The second challenge is related to trade union autonomy. The reduction at source of membership fees creates a dependency for trade unions upon a particular type of membership fee. This system is called the SER.  The government used this publicly as a threat against public sector unions when they threatened to engage in strike action against pay cuts. If it was introduced it would have completely undermined the source of revenue that trade unions have come to depend upon. It limits their strategic autonomy in negotiating with their employer. In Sweden, and in some German Unions, there was a strategic decision to not opt for this type of membership fee structure. They never wanted to be in a situation where the employer could use it as a bargaining card. If the Irish government withdrew the SER system, many public sector unions would have had to re-contact all members to ask them to set up a direct debit account. They would have simultaneously lost members in the process and the necessary revenue to stay afloat. More significantly, it would have further decreased trade union density and bargaining power in the economy. 

Another issue connected to fee dependency is related to payments trade union leaders receive for sitting on the boards of state and semi-state companies. The leader of IMPACT received a five figure sum for sitting on the board of FÁS. This was not for the IMPACT union but for personal use. The general secretary of ICTU receives a sum for sitting on the board of Aer Lingus but channels this money into ICTU expenditure. Should trade union leaders, as is the case in IMPACT, be allowed to take payments for personal gain? In Germany, trade union leaders take a payment for sitting on state boards but they channel it into a research fund for students studying labour relations. No trade union leader takes the money for their own gain and if they do, they are vilified by their colleagues. This refusal of payment for personal and union gain stops the perception of a cosy elite and increases the popular legitimacy of trade union activity.

The third and long term challenge for the trade union movement is to organise and increase their membership across the economy. Given the gravity of the challenge some American unions have begun dedicating 30 percent of their expenditure to organising.  The absence of a centralised partnership agreement with government on how to exit the economic crisis provides an opportunity to make this a priority. It frees up time and resources for ICTU to refocus their raison d’être.  Organising requires a coordinated strategy across different unions and sectors. A collective fund whereby each trade union affiliated to the Irish Congress of Trade Unions (ICTU) would designate at least 15 percent of its expenditure (but could vary according to size and income) should provide the necessary resources to make this an immediate strategic priority.

What is the future – the organising union?
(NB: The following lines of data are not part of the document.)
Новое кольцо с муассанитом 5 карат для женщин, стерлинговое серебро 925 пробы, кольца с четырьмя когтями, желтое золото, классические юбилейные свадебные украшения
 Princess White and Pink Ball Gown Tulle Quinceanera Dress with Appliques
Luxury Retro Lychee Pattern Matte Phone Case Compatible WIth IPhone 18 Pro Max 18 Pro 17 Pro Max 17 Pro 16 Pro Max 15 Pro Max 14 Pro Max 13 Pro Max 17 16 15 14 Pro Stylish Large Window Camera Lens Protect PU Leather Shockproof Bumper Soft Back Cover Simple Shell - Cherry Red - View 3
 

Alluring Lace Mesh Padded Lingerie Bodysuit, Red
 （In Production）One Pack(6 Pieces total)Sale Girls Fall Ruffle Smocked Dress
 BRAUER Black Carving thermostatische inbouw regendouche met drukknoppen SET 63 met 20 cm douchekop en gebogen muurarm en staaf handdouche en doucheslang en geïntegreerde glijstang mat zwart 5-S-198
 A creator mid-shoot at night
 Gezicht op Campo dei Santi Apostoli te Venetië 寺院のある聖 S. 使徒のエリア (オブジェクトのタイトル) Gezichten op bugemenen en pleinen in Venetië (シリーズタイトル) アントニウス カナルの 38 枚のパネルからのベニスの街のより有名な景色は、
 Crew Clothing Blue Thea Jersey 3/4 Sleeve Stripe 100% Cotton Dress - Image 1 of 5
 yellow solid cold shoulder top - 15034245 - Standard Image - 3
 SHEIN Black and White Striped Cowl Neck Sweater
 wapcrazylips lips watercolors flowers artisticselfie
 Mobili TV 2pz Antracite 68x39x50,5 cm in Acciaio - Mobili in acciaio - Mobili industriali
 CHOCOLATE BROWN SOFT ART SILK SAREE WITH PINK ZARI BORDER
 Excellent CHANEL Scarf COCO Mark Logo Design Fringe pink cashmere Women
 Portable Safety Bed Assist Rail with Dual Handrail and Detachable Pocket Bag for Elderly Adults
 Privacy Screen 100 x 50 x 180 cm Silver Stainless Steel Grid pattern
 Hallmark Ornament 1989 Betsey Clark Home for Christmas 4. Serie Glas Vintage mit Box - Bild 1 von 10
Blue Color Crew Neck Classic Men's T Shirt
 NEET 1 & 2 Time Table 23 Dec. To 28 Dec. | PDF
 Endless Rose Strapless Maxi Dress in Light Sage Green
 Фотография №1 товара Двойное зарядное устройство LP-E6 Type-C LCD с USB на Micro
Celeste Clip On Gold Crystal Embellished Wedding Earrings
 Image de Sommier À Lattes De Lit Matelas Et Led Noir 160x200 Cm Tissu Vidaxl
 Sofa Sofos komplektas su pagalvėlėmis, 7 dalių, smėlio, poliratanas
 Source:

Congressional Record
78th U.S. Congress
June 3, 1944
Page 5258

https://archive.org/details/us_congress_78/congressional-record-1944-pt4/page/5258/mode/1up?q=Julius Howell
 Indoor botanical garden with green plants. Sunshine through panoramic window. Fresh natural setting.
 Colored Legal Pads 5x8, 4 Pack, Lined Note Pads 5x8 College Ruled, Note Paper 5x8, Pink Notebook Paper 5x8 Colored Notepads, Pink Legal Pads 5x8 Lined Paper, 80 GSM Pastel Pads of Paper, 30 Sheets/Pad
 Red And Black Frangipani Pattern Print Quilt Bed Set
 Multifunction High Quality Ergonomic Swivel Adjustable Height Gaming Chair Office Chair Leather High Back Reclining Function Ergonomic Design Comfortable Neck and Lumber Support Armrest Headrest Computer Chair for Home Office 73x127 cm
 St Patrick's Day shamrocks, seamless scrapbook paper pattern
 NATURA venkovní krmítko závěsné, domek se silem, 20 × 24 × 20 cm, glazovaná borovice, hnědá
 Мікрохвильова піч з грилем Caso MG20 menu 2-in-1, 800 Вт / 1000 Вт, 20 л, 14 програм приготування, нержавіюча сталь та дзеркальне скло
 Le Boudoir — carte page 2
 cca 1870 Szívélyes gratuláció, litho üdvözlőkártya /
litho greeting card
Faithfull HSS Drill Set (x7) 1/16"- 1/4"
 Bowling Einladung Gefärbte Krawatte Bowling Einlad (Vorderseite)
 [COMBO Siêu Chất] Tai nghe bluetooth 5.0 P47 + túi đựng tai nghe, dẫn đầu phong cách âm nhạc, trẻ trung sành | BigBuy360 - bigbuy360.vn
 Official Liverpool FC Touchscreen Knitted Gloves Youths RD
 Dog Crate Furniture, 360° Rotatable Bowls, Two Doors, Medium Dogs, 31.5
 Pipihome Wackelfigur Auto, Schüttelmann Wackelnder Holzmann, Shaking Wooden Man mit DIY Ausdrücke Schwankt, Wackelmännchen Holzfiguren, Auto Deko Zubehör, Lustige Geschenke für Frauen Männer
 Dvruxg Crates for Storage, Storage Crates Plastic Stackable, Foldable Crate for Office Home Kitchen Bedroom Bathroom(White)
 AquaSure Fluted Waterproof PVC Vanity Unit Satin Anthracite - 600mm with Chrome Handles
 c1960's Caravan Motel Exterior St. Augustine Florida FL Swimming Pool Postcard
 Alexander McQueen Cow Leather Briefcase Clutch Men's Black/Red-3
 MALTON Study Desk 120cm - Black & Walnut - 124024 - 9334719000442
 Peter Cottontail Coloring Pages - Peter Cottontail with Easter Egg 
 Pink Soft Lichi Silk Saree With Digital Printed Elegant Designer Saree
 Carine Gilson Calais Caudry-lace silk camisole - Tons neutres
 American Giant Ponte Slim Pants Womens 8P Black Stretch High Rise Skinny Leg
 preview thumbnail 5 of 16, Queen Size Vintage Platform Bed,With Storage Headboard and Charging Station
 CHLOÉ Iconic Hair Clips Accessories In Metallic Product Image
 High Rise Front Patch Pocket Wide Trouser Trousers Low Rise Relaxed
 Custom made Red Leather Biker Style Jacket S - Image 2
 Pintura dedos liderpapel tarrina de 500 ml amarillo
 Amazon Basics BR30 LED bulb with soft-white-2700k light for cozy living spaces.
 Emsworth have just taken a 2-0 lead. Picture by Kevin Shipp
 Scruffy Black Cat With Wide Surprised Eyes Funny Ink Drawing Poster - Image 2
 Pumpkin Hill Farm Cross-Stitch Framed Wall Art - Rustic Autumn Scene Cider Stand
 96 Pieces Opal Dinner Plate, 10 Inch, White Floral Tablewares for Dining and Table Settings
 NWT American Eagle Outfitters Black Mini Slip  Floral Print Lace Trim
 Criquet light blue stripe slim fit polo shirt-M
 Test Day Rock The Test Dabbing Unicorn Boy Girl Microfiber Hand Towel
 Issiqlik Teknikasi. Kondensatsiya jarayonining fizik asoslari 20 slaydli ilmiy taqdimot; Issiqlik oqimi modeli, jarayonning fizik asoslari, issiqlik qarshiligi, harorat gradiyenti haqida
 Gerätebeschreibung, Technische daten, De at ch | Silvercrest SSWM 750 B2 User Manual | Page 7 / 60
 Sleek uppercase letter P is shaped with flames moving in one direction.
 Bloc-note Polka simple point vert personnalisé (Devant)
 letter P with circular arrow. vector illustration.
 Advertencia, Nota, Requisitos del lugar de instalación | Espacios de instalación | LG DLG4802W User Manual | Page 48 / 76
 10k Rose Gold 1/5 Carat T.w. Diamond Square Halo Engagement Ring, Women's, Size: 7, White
In politics, the absence of a clear collective strategy is a recipe for failure. The same logic applies to the trade union movement. The national partnership agreements have been and will continue to be a means to an end. Trade unions will continue to want access to the policy making apparatus of government. They will continue to struggle for social and economic justice. In this regard they will adopt whatever collective strategies are available to that end. But, strategic capacity requires strengthening the position of labour in its relationship to capital. The only way to do this is to organise and increase trade union density. Making this a priority should be the overarching strategic objective of trade unions in the coming years. It requires a move away from simply servicing the interests of their members to actively engaging in political activity. The first step in this regard is to rapidly improve and popularise an alternative political economic analysis on the type of society the Irish labour movement envisages for the 21st century.